Aqui estou, lá em baixo vejo-me no corre corre do dia a dia. Fechada num escritório a meia luz para aguentar o calor. Mal vi o gato que me miava por atenção, já me esqueci do almoço outra vez. O André chegou a casa e eu perdi o dia inteiro agarrada a um ecrã. O dia a seguir será igual. Pelo meio da semana algum amigo me vai chamar a atenção que não nos vemos há imenso tempo - dou-me conta que regressei em Janeiro e ainda não consegui estar com toda a gente - faço um esforço e fixo um dia e uma hora. Sei que vou querer fugir, e as desculpas serão sempre as mesmas: preciso de estar em frente a este ecrã. Passou mais uma semana, mas consegui ir comer um gelado, abraçar amigos. Também consegui umas duas horas junto ao mar. Tive uma semana boa, penso ao deitar-me. Mas pelo meio ficaram perdidas as aulas de dança, o telefonema para saber das avós, dos tios, dos primos, a caminhada matinal que prometi a mim mesma. O tempo para brincar com os gatos e para decorar a casa nova que ficou perdida em planos. As plantas com as folhas enrugadas que eu ainda ontem - podia jurar - reguei - passaram 15 dias desde a última rega. E depois o mundo abana, sabemos o que está errado e tentamos remendar, recuperar, juntamos os amigos e a família, porque tudo está prestes a mudar, a ruir…. mas já mudou, já ruiu, e mais breve do que imaginaríamos sentimos o pé a fugir para o caminho conhecido. Quando damos conta, já se passaram 3 meses desde a última vez que viste as tuas pessoas sem ser num ecrã.

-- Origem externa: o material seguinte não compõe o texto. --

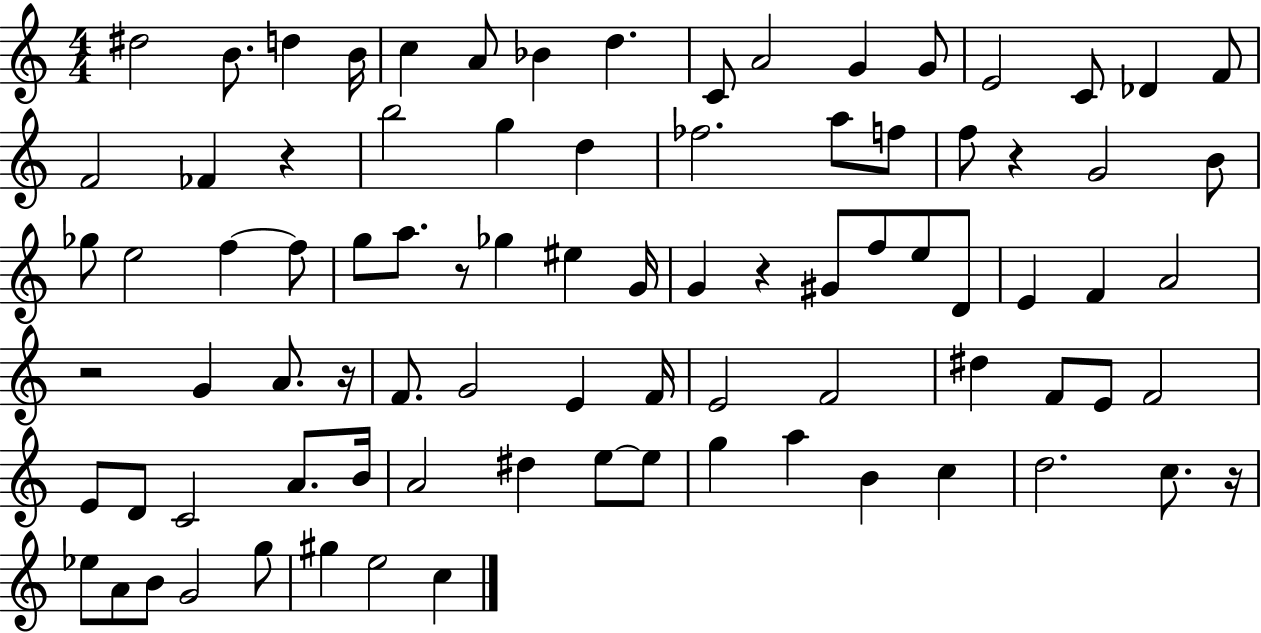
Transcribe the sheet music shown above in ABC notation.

X:1
T:Untitled
M:4/4
L:1/4
K:C
^d2 B/2 d B/4 c A/2 _B d C/2 A2 G G/2 E2 C/2 _D F/2 F2 _F z b2 g d _f2 a/2 f/2 f/2 z G2 B/2 _g/2 e2 f f/2 g/2 a/2 z/2 _g ^e G/4 G z ^G/2 f/2 e/2 D/2 E F A2 z2 G A/2 z/4 F/2 G2 E F/4 E2 F2 ^d F/2 E/2 F2 E/2 D/2 C2 A/2 B/4 A2 ^d e/2 e/2 g a B c d2 c/2 z/4 _e/2 A/2 B/2 G2 g/2 ^g e2 c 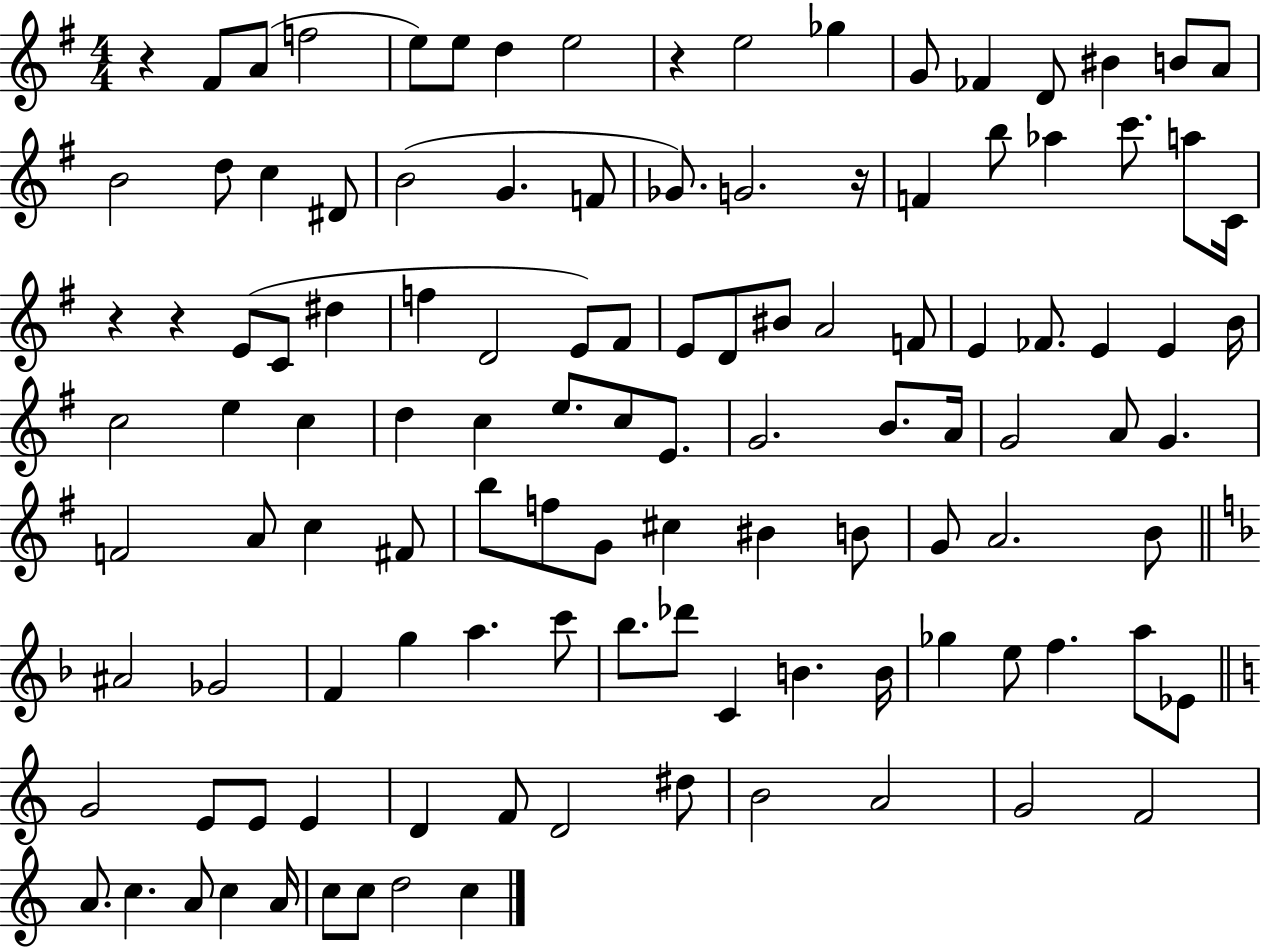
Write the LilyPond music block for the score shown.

Online não é presença, digo de dentro da bolha, tomara que aquela que vos escreve ouça a mensagem. E, se a carapuça servir, levem-na convosco.

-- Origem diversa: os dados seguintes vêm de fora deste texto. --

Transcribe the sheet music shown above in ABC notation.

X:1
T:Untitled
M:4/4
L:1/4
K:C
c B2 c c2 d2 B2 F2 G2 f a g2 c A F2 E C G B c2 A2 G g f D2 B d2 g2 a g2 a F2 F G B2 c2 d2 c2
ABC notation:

Que se f*da a psicologia barata, o mundo está quebrado e enquanto vivermos nesta roda de hamster estaremos todos mais longe uns dos outros. É preciso Fazer, Fazer! Anunciam. É preciso dinheiro para que a roda não páre nunca. Fazer, Fazer! Mas não te esqueças da casa, do marido, dos filhos! Que vergonha essa roupa enrugada! Que vergonha essa cama por fazer! Fazer, fazer! Sorri, tapa essas olheiras, engole esse choro, a vida é tão bonita! Fazer, Fazer, não há tempo a perder! Não há tempo de cheirares essas flores, procura antes saber sobre elas na internet, imagina-lhes o cheiro, pronto, já chega, é só um vislumbre! Tapa essa fenda no chão com areia, não há tempo para remendos a sério. Sim, vai abrir de novo, sim, eu sei que estás sozinho, mas assim como assim, quando estiverem perto, não se reconhecerão. Acena só! Sim, assim de longe! E sorri! Não te esqueças de sorrir!

É. Cada um de nós uma galáxia inteira, tanto dentro e apenas uma estrelinha para quem nos cruza caminho… mas de longe, e só um brilhozinho!